◆ Task prompt: Retype the listing below, keeping every line the same.

◆ Task material:
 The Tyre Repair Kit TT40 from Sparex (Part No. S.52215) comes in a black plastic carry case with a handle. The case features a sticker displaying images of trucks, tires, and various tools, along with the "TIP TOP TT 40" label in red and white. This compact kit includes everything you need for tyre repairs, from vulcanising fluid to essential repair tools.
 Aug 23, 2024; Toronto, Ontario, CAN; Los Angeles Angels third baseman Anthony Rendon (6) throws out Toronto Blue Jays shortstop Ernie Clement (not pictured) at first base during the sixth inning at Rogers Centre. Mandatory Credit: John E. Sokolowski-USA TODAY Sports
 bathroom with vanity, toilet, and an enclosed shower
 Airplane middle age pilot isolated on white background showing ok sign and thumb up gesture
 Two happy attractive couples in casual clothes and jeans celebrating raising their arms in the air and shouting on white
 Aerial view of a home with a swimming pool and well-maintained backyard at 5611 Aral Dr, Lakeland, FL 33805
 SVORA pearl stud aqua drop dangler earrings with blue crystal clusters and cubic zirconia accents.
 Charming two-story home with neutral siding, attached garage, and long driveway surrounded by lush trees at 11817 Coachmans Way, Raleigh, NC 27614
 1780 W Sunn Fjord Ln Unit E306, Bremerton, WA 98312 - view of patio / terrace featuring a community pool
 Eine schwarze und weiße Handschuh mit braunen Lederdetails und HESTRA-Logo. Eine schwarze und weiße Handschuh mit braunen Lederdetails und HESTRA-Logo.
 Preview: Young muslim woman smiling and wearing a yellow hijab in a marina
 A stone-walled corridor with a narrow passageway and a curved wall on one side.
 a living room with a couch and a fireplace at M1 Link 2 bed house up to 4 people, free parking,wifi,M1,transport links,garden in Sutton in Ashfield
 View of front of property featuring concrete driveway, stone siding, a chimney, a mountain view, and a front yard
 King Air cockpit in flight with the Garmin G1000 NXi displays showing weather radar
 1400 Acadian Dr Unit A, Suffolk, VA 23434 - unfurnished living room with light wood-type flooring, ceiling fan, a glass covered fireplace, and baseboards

◆ Answer for the task:
 The Tyre Repair Kit TT40 from Sparex (Part No. S.52215) comes in a black plastic carry case with a handle. The case features a sticker displaying images of trucks, tires, and various tools, along with the "TIP TOP TT 40" label in red and white. This compact kit includes everything you need for tyre repairs, from vulcanising fluid to essential repair tools.
 Aug 23, 2024; Toronto, Ontario, CAN; Los Angeles Angels third baseman Anthony Rendon (6) throws out Toronto Blue Jays shortstop Ernie Clement (not pictured) at first base during the sixth inning at Rogers Centre. Mandatory Credit: John E. Sokolowski-USA TODAY Sports
 bathroom with vanity, toilet, and an enclosed shower
 Airplane middle age pilot isolated on white background showing ok sign and thumb up gesture
 Two happy attractive couples in casual clothes and jeans celebrating raising their arms in the air and shouting on white
 Aerial view of a home with a swimming pool and well-maintained backyard at 5611 Aral Dr, Lakeland, FL 33805
 SVORA pearl stud aqua drop dangler earrings with blue crystal clusters and cubic zirconia accents.
 Charming two-story home with neutral siding, attached garage, and long driveway surrounded by lush trees at 11817 Coachmans Way, Raleigh, NC 27614
 1780 W Sunn Fjord Ln Unit E306, Bremerton, WA 98312 - view of patio / terrace featuring a community pool
 Eine schwarze und weiße Handschuh mit braunen Lederdetails und HESTRA-Logo. Eine schwarze und weiße Handschuh mit braunen Lederdetails und HESTRA-Logo.
 Preview: Young muslim woman smiling and wearing a yellow hijab in a marina
 A stone-walled corridor with a narrow passageway and a curved wall on one side.
 a living room with a couch and a fireplace at M1 Link 2 bed house up to 4 people, free parking,wifi,M1,transport links,garden in Sutton in Ashfield
 View of front of property featuring concrete driveway, stone siding, a chimney, a mountain view, and a front yard
 King Air cockpit in flight with the Garmin G1000 NXi displays showing weather radar
 1400 Acadian Dr Unit A, Suffolk, VA 23434 - unfurnished living room with light wood-type flooring, ceiling fan, a glass covered fireplace, and baseboards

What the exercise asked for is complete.